┌────────

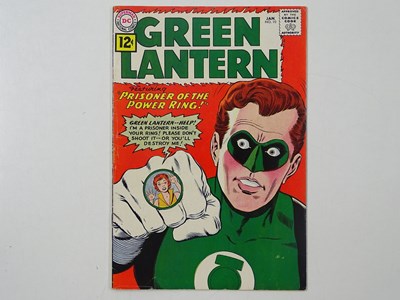 Lot 413 - GREEN LANTERN #10 - (1962 - DC) - Origin of...
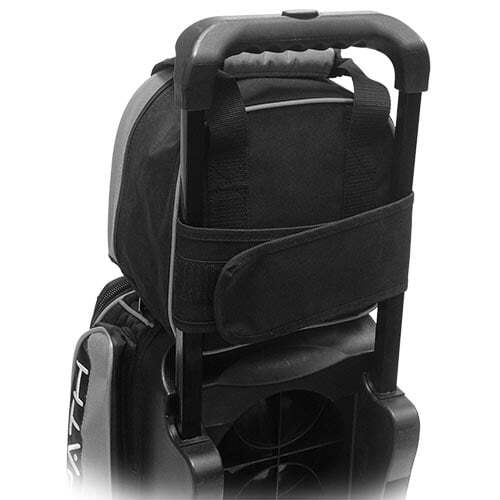 Pyramid Path Plus One Spare Ball Tote Bowling Bag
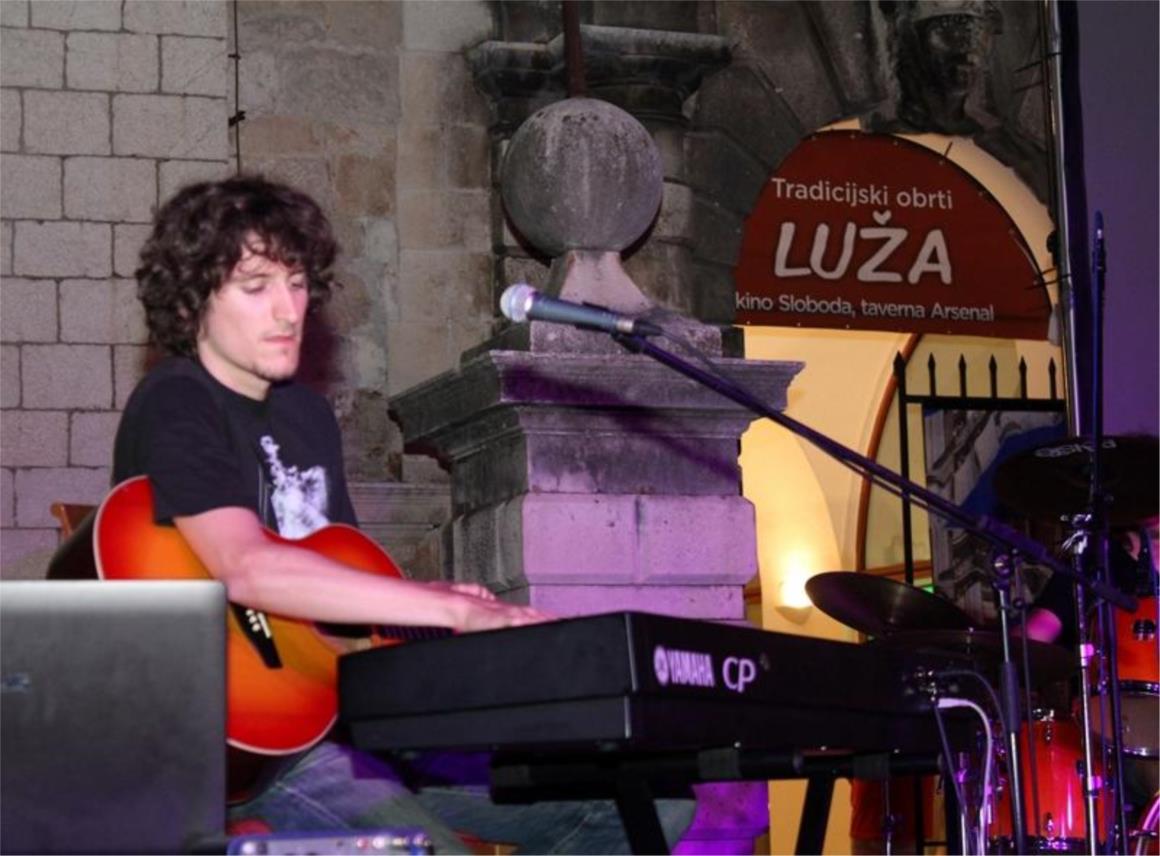Koncert grupe Silente povodom zadnjeg dana škole 0
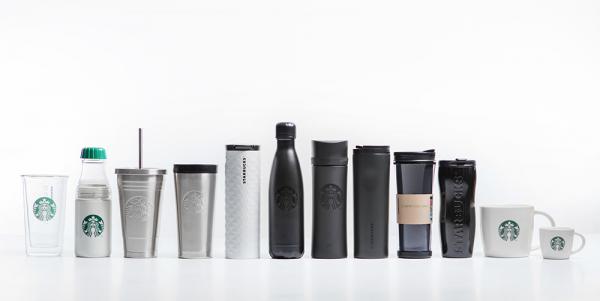 繽紛夏日!Starbucks 初夏系列新杯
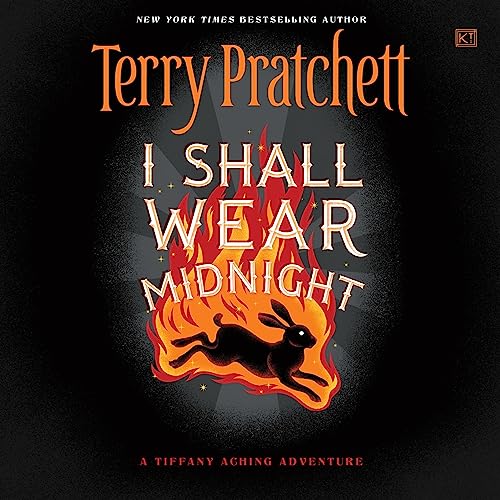 Terry Pratchett'S I Shall Wear Midnight: Audiobook  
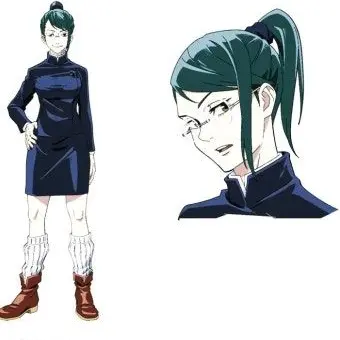 Profile image of 젠인 마키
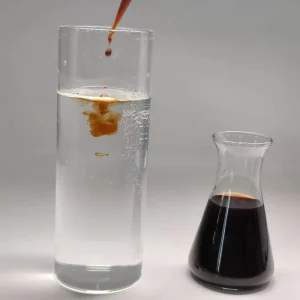Organic acid chitosan oligosaccharide liquid fertilizer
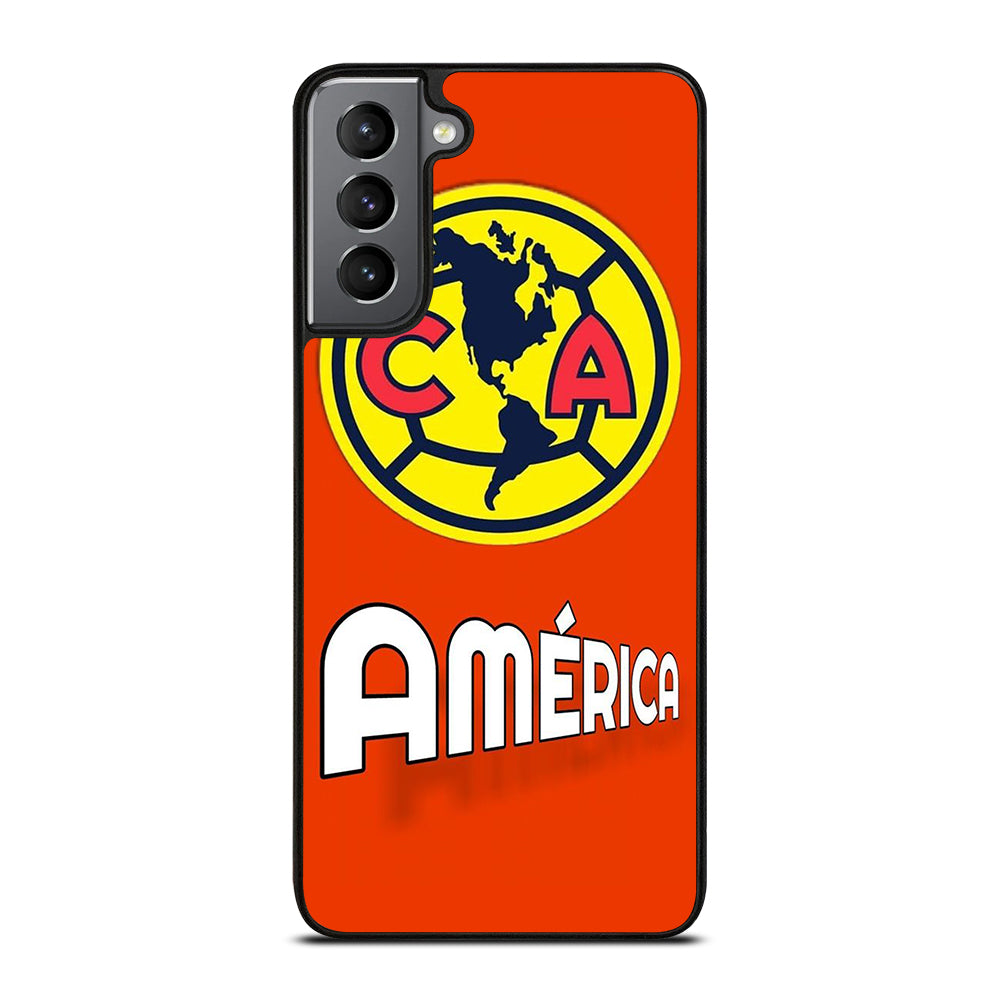 CLUB AMERICA LOGO 6 Samsung Galaxy S21 Plus Case Cover
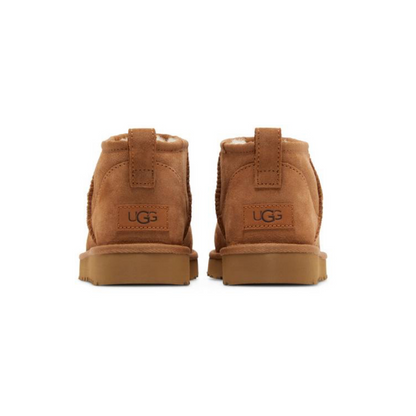 UGG Classic Ultra Mini “Chestnut”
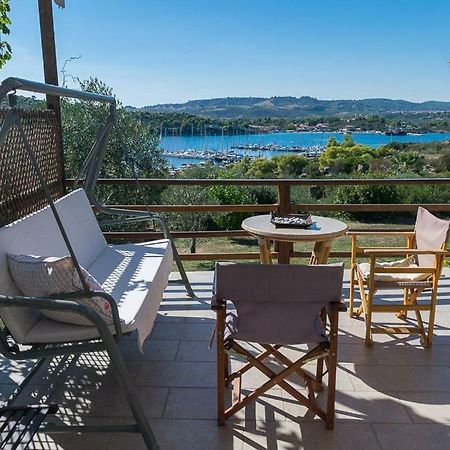 Ases Villa Lagonisi Halkidiki أورموس باناجياس المظهر الخارجي الصورة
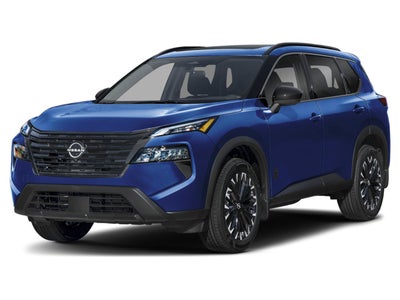 2027 Nissan Rogue Dark Armor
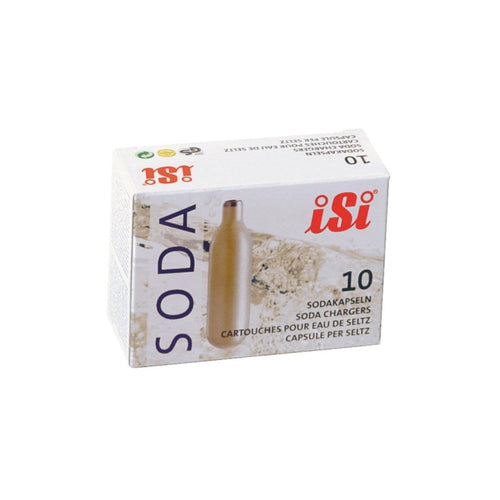 Paderno Isi Ricarica Soda Set 10 Pz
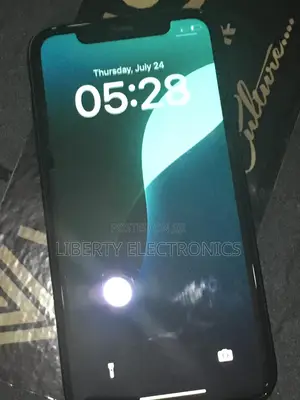 Apple iPhone 11 64 GB Black
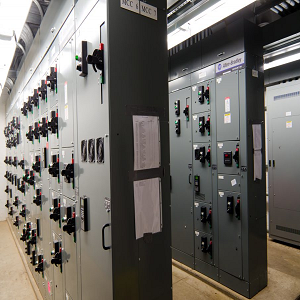 MCC Electrical Room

└────────

* _Task objective_
Each line from the one containing "Koncert grupe Silente" down to the final line of the records above must be reproduced exactly; no pictures go into the copy.

* _Output below_
Koncert grupe Silente povodom zadnjeg dana škole 0
 繽紛夏日!Starbucks 初夏系列新杯
 Terry Pratchett'S I Shall Wear Midnight: Audiobook  
 Profile image of 젠인 마키
Organic acid chitosan oligosaccharide liquid fertilizer
 CLUB AMERICA LOGO 6 Samsung Galaxy S21 Plus Case Cover
 UGG Classic Ultra Mini “Chestnut”
 Ases Villa Lagonisi Halkidiki أورموس باناجياس المظهر الخارجي الصورة
 2027 Nissan Rogue Dark Armor
 Paderno Isi Ricarica Soda Set 10 Pz
 Apple iPhone 11 64 GB Black
 MCC Electrical Room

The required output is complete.